--- Supplied material ---

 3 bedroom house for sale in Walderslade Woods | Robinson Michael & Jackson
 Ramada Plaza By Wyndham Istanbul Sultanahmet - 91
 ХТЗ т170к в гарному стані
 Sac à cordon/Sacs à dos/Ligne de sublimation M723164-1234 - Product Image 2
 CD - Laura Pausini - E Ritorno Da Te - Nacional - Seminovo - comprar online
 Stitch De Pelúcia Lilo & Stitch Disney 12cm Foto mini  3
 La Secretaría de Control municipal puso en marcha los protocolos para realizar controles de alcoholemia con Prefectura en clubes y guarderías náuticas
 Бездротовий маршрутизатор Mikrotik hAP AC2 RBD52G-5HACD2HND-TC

---
--- Supplied material ---

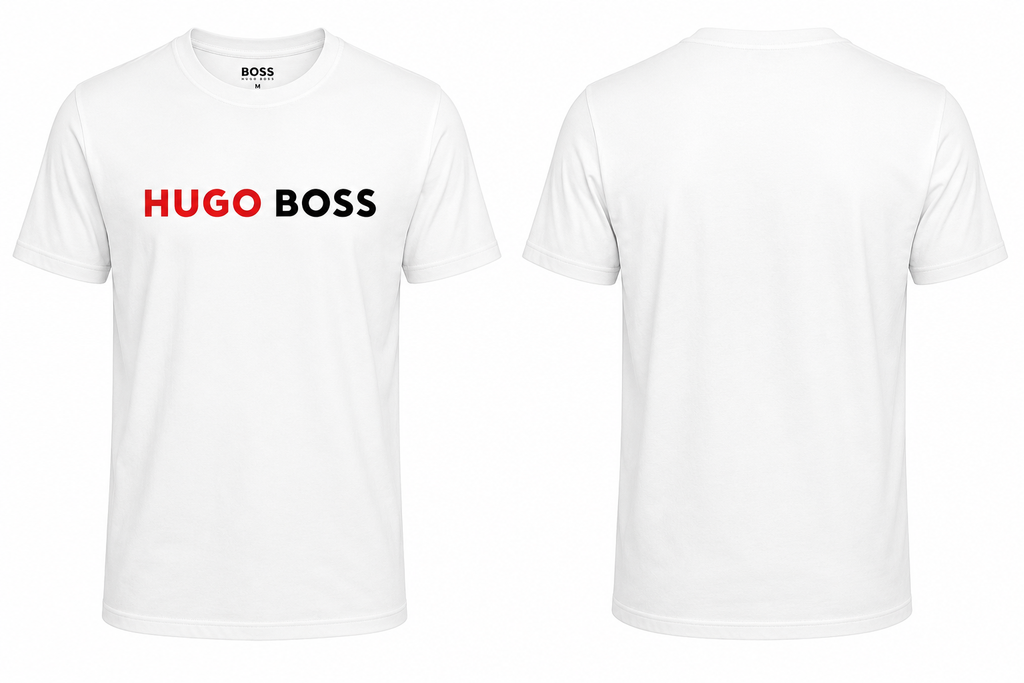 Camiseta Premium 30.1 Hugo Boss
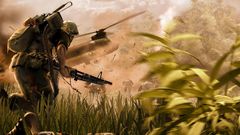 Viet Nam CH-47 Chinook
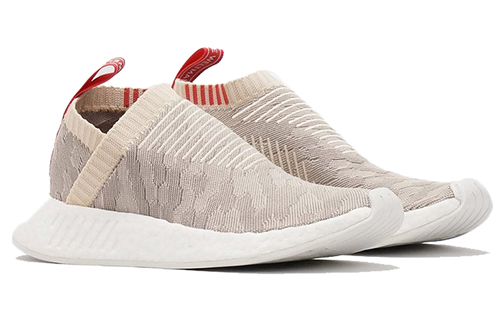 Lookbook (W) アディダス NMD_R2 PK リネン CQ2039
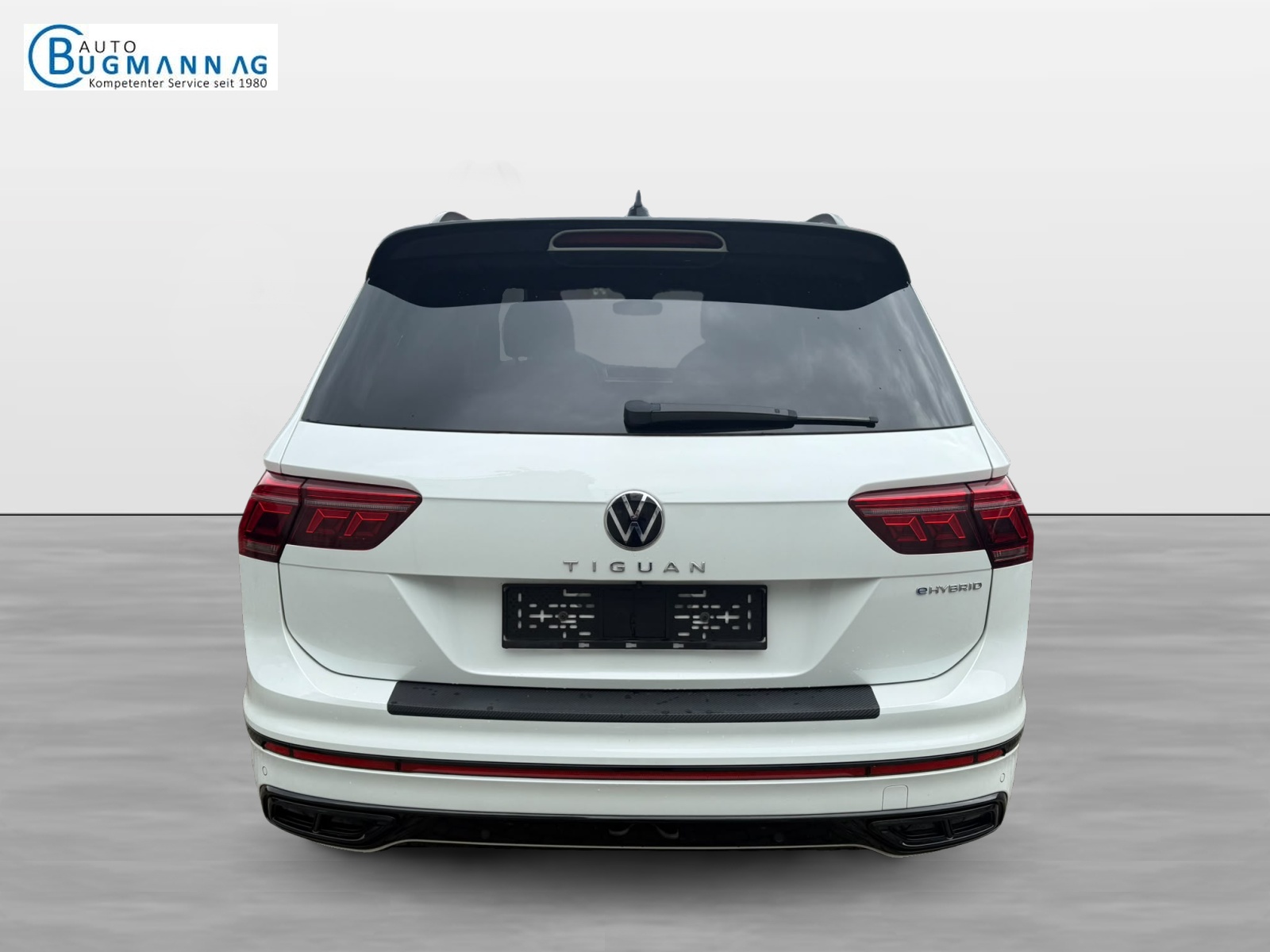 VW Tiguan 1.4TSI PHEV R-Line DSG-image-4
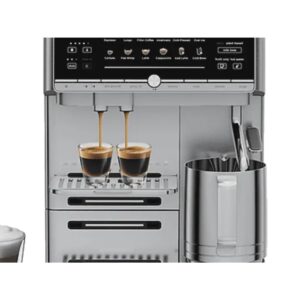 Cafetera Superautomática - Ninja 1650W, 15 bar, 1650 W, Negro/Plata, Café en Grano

---
--- Supplied material ---

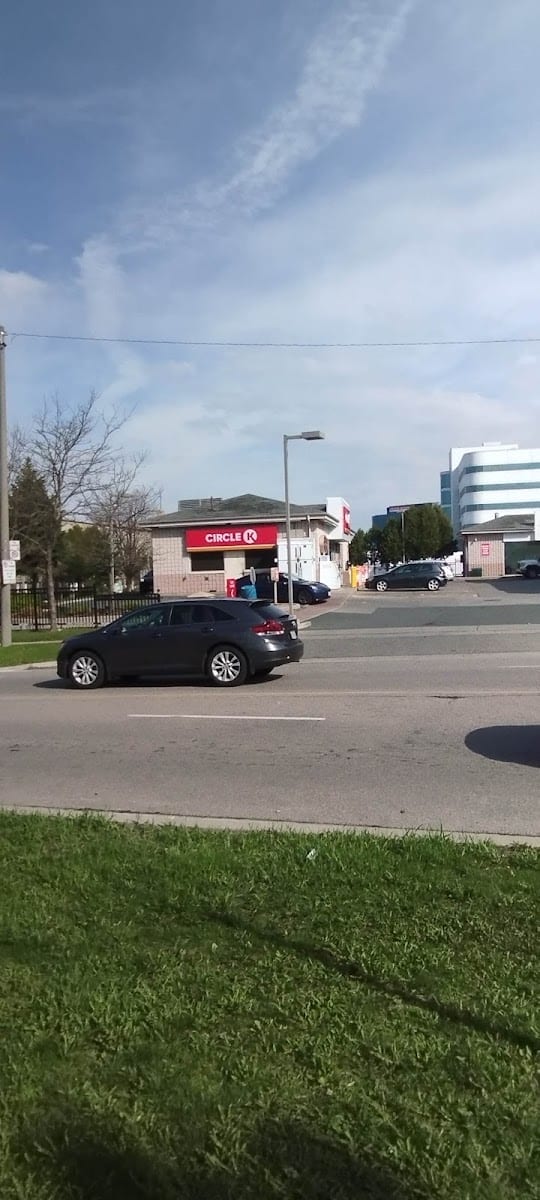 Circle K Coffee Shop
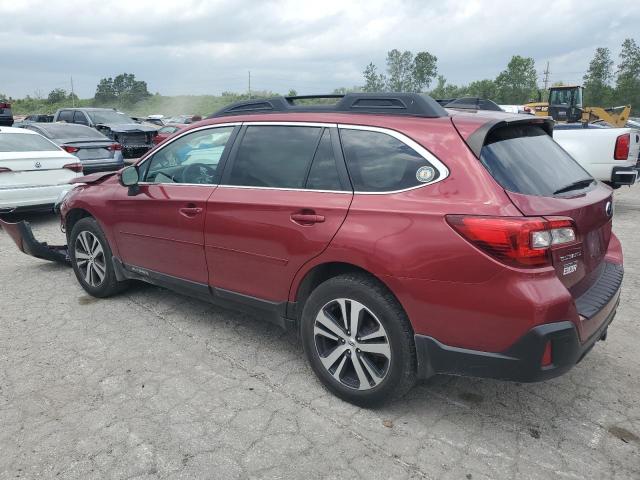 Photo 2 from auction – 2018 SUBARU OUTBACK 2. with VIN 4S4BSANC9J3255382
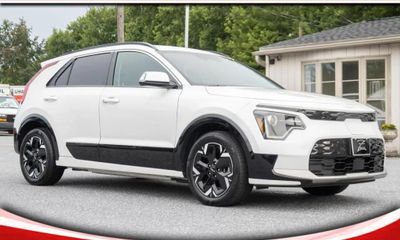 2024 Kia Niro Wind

---

:: Your goal ::
In the data above, find the line with "Lookbook (W) アディダス NMD_R2 PK リネン CQ2039" and the line with "Cafetera Superautomática - Ninja". Please copy exactly those two lines and every line between them, but not the pictures.

:: Reply ::
 Lookbook (W) アディダス NMD_R2 PK リネン CQ2039
 VW Tiguan 1.4TSI PHEV R-Line DSG-image-4
 Cafetera Superautomática - Ninja 1650W, 15 bar, 1650 W, Negro/Plata, Café en Grano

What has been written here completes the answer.